Mississippi State had to be persistent in building its 4-0 lead.
Beavers left fielder Michael Conforto robbed Rea of an extra-base hit when he crashed into the left-field wall with a fantastic catch in the second inning. After an RBI infield single by C.T. Bradford in the fourth, Conforto ended the inning by gunning down Rea trying to score on a fly ball into foul territory.
The Bulldogs then got two-out singles by Adam Frazier and Alex Detz before Renfroe connected in the fifth, the 16th home run this season for the All-American from Crystal Springs, Miss.

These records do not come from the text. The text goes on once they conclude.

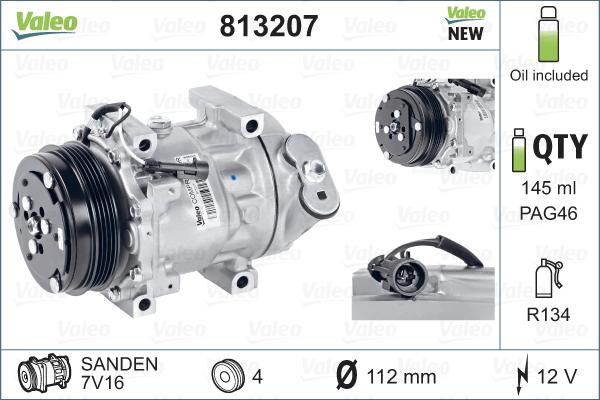 Valeo 813207 - Компрессор кондиционера autosila-amz.com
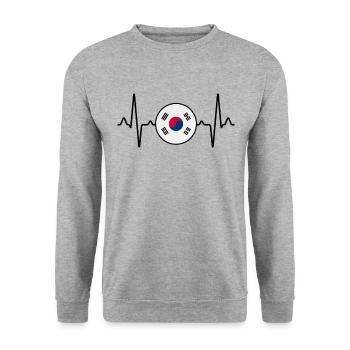 Südkorea Herzschlag - Unisex Pullover - Weißgrau meliert - Vorne - Alina (178cm) & Michal (187cm)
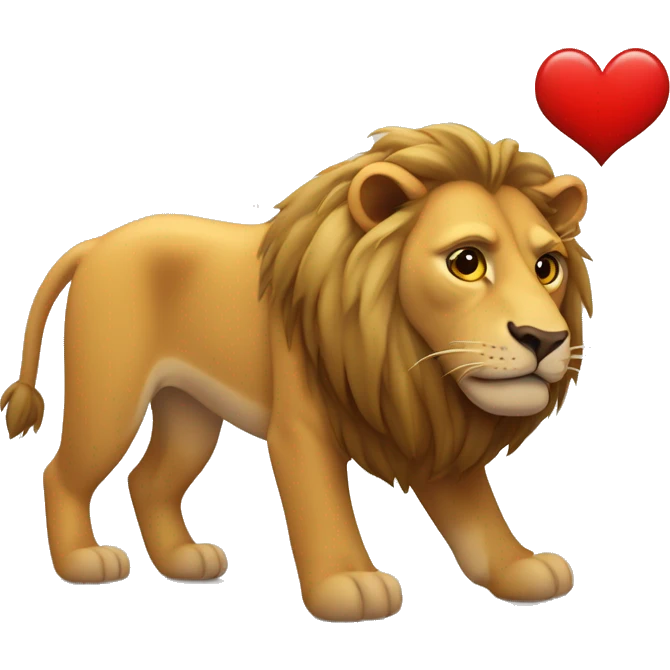 León guinando el ojo con corazon emoji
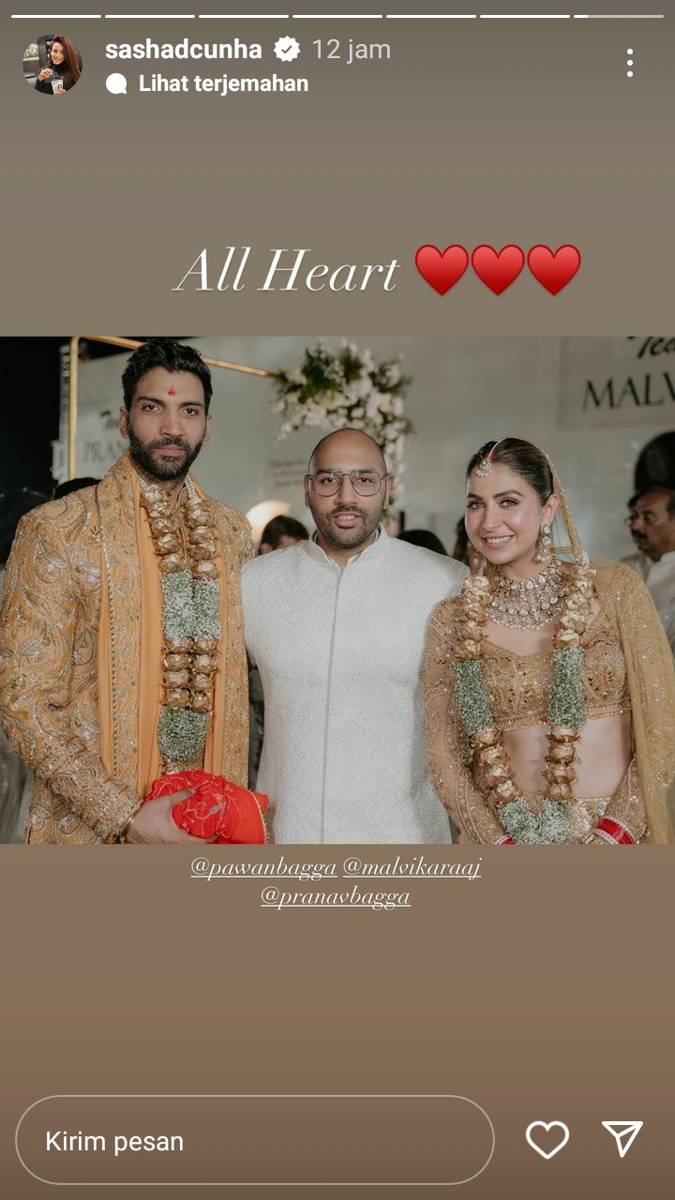pernikahan Malvika Raaj (instagram.com/sashadcunha)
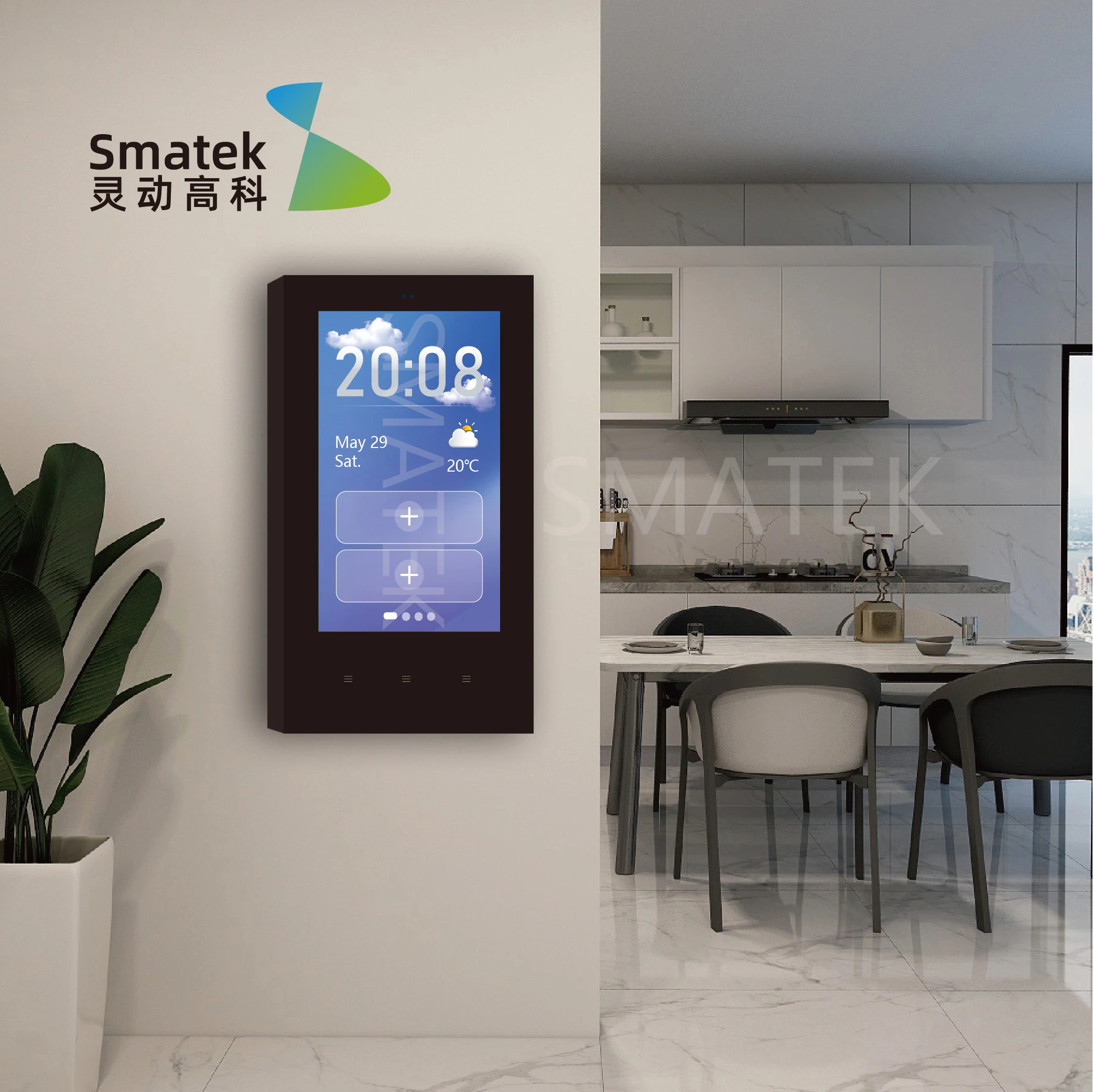 Tuya Linux 4' Smart Home Central Control Panel for Smart Home Appliances Built in Tuya Zigbee Gateway Hub Wall Switches Socket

“I told the whole dugout, ‘He’s about to hit one a long ways right here,’” Rea said. “That was kind of crazy. Things are falling our way right now, and we just have to keep it going.”
Oregon State pitcher Andrew Moore (14-2) said he might have gotten a little lazy after recording two quick outs to start the fifth. Renfroe was thinking fastball when he got something else too good not to drive.
“It was a 3-1 curveball,” Moore said, “and I tried to bury it because I knew we had a base open. I made a mistake, left it up a little bit. He’s a great player, and he made me pay for it.”
Renfroe didn’t think he’d gotten all of it at first, but the low trajectory gave it a chance, much to the delight of Graveman in the dugout.
“I think that was the biggest fist pump I’ve given all year,” the pitcher said.
The Bulldogs had a solid lead, a nice change from trailing Oregon State 4-3 after seven innings last Saturday and Indiana 3-2 after seven innings on Monday.
Renfroe said he had been getting texts and Facebook comments from Mississippi State fans, letting him know the close calls were starting to take a toll on them.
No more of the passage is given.